BRIEF:
Restate word for word the lines below that run from the one holding "English Worksheet: Simple choose 2" through the one holding "Project Cloud |", inclusive. Pictures don't belong in the copy.

STUDY MATERIAL:
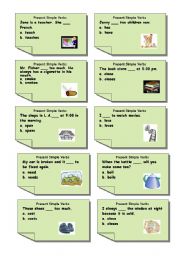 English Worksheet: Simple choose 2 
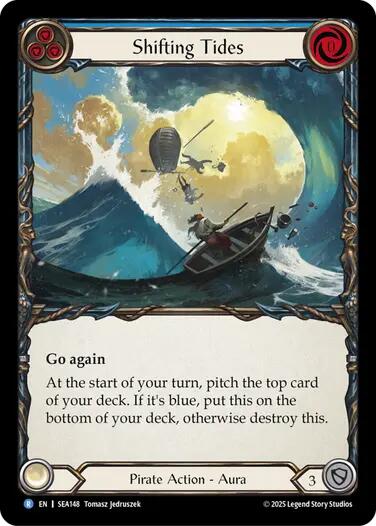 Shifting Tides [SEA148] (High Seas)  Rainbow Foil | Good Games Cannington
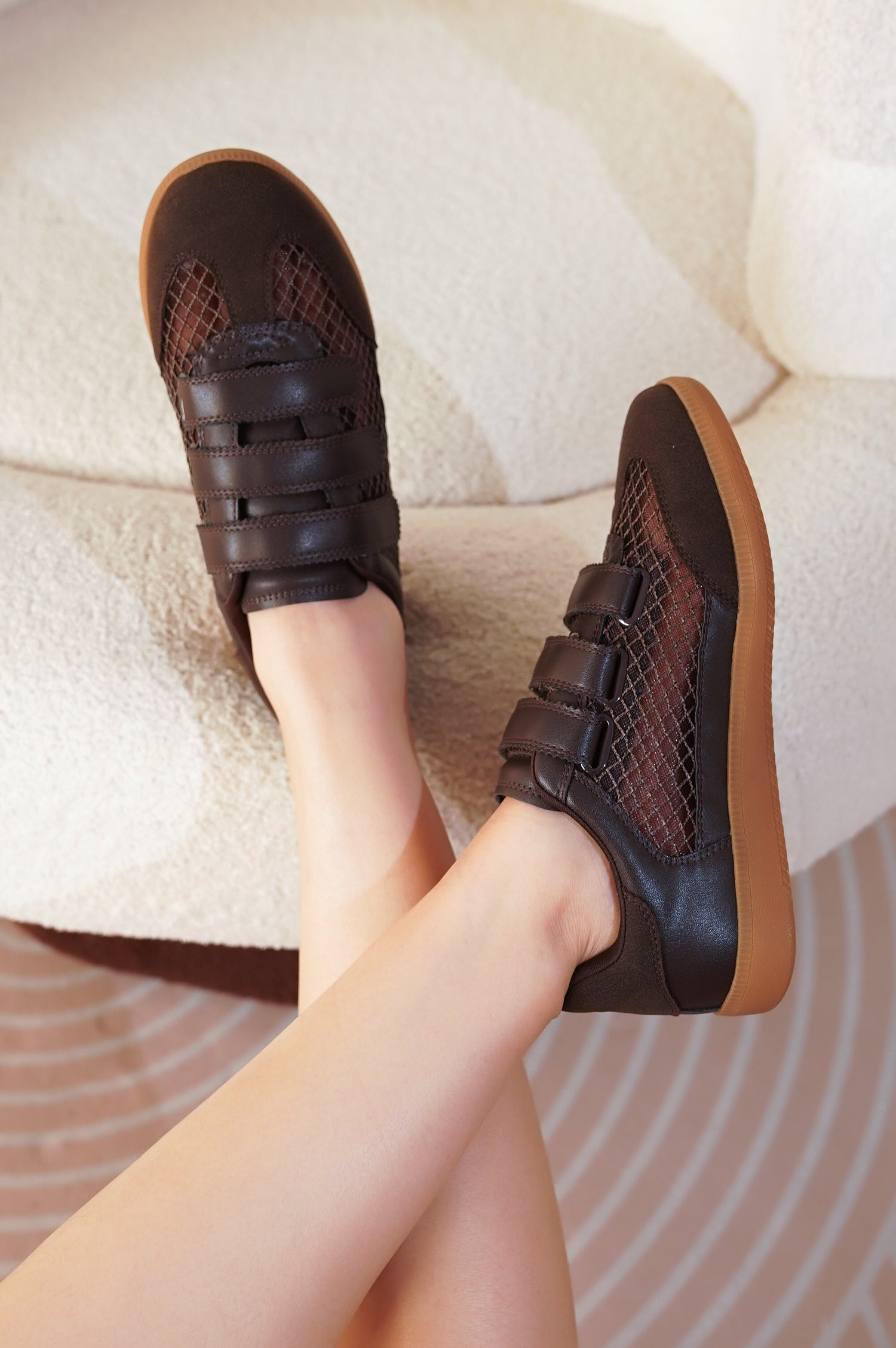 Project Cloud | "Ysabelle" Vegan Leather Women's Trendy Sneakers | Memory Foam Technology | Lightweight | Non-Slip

--

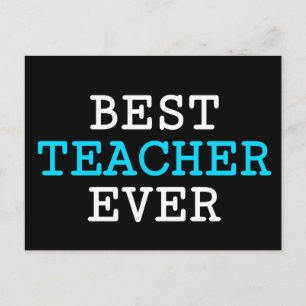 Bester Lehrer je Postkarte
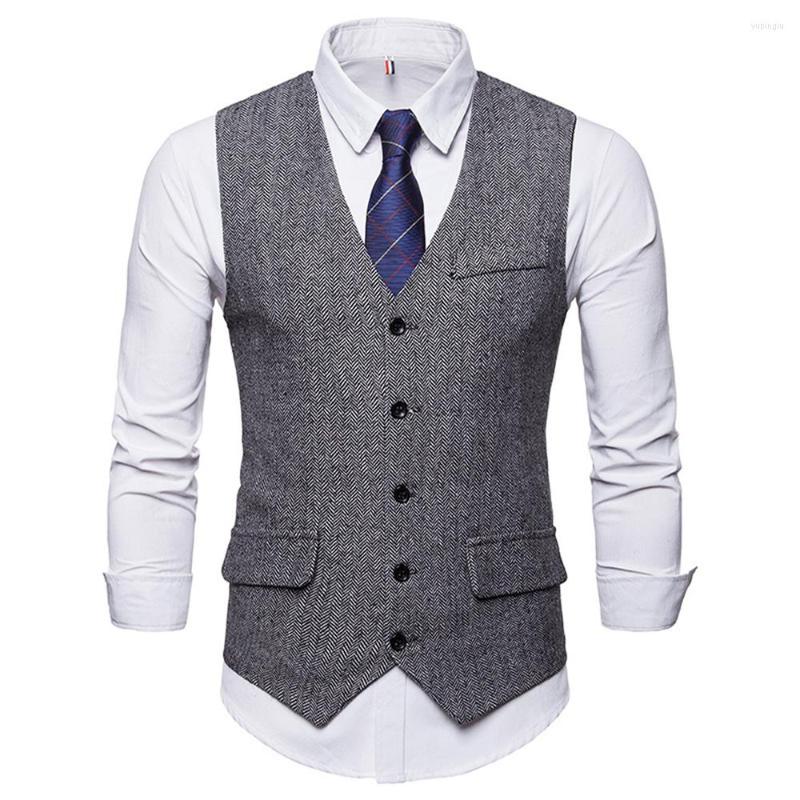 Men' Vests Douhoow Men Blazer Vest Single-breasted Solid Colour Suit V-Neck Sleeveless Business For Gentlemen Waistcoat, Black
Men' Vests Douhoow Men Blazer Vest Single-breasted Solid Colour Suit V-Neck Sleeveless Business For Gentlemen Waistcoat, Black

EXERCISE RESPONSE:
 English Worksheet: Simple choose 2 
 Shifting Tides [SEA148] (High Seas)  Rainbow Foil | Good Games Cannington
 Project Cloud | "Ysabelle" Vegan Leather Women's Trendy Sneakers | Memory Foam Technology | Lightweight | Non-Slip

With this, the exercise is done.